Dr. Adian Husaini (born 17 December 1965) is an Islamic scholar from Indonesia.

He served on numerous organizations, including the chairman of the Council of Da'wah Islamiyah Indonesia (Indonesian Islamic Propagation Council), the secretary general of the Indonesian Committee for the Islamic World Solidarity (KISDI), the Indonesian Committee for Solidarity Palestine - Indonesian Ulema Council (KISP-MUI), the Commission on Religious Harmony of Indonesian Ulema Council (MUI), and a member of the board of Majlis Tabligh Muhammadiyah.

==Early life==
He obtained his Islamic education in Madrasah Diniyah Nurul Ilmi Bojonegoro from 1971 to 1977, Pondok Pesantren Ar Rasyid Kendal Bojonegoro from 1981 to 1984, Pondok Pesantren Ulil Albab Bogor from 1988 to 1989, Arabic Language Education Institute, and LIPIA Jakarta in 1988.

His undergraduate degree in veterinary is from Bogor Agricultural University (IPB), while his master's degree in international relations is obtained from the Postgraduate Program of International Relations of Jayabaya University Jakarta, with a thesis entitled Pragmatism of Israeli Foreign Policy. He holds a doctorate from the Institute of Islamic Thought and Civilization-International Islamic University Malaysia (ISTAC-IIUM) in the field of Islamic thought and civilization.

==Scholastic career==
He worked as a researcher at the Indonesian Society for Middle East Studies (ISMES) Jakarta and the Institute for the Study of Islamic Thought & Civilizations (INSIST), and staff at the Center for Middle Eastern and Islamic Studies University of Indonesia (PKTTI-UI) Jakarta.

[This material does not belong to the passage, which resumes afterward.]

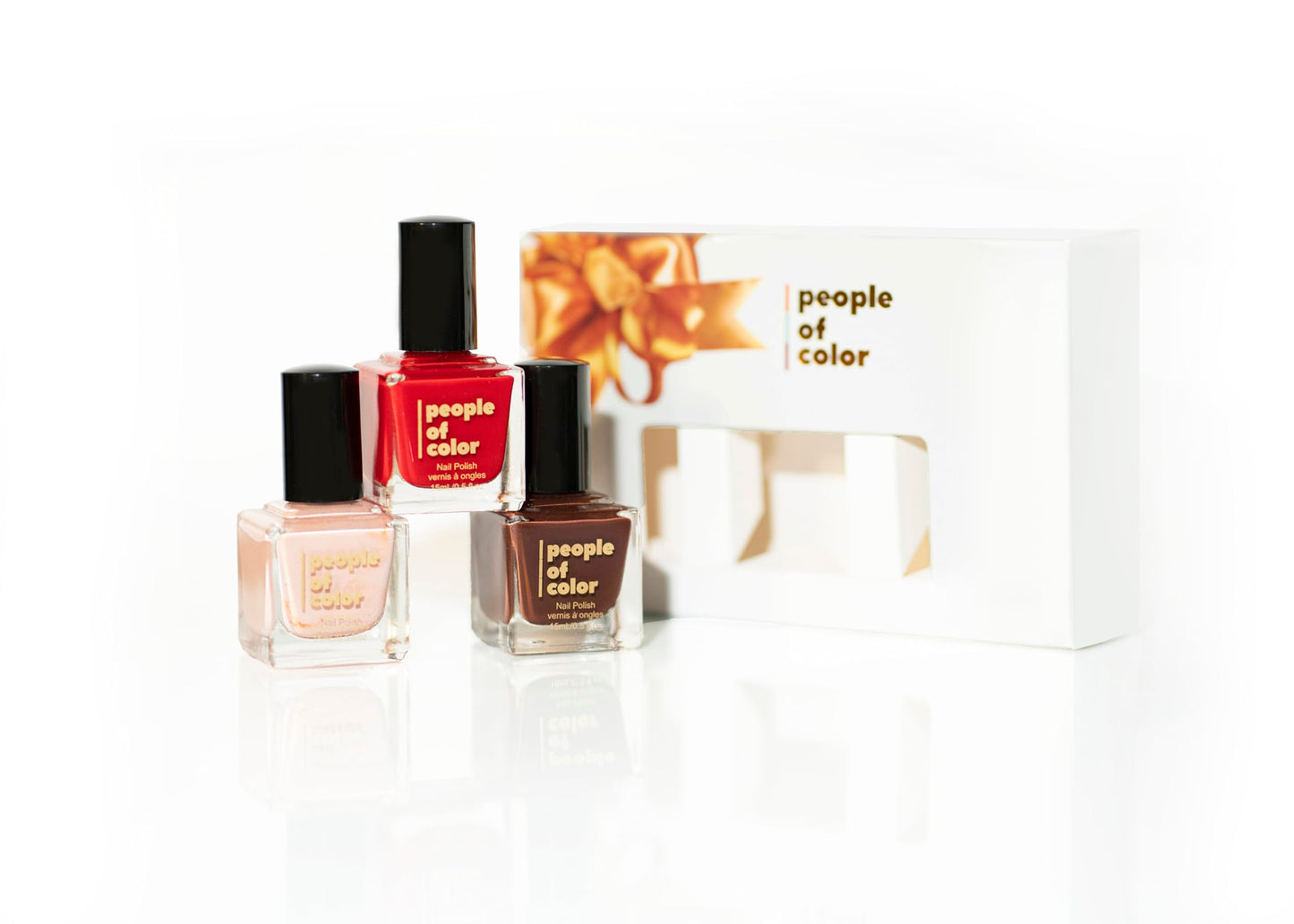 Nail Polish Gift Set - Favorite Things 2024 Non-Toxic, Vegan, Cruelty-Free Nail Polish (Set of 3), Nail Care DIY Home Salon Manicure | Made in USA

He has also been a journalist for Jakarta Daily News Buana, Republika Jakarta Daily, and a news analyst at Radio Muslim FM Jakarta, as well as a lecturer of Journalism and Islamic thought at the Ibnu Khaldun University of Bogor and Pesantren Tinggi (Ma'had 'Aly) Husnayain Jakarta.

He writes many books, with most of his works being the criticism against the perceived rise of the liberal Islamic movement, especially in Indonesia. His book Pluralisme Agama: Haram (Religious Pluralism: Haram) challenged the liberal and progressive criticisms of the 2005 fatwa by the Indonesian Ulema Council targeting religious pluralism. In his writings, he considers religious pluralism as an ideology that considers all religions to be true, thus undermining the legitimacy of Islam. His book Christian-Western Hegemony in Islamic Studies in Higher Education was voted the 2nd best book of the Islamic Book Fair of 2007. At the same forum a year earlier, his book entitled The Face of Western Civilization: From Christian Hegemony to Secular-Liberal Dominance became the best non-fiction book.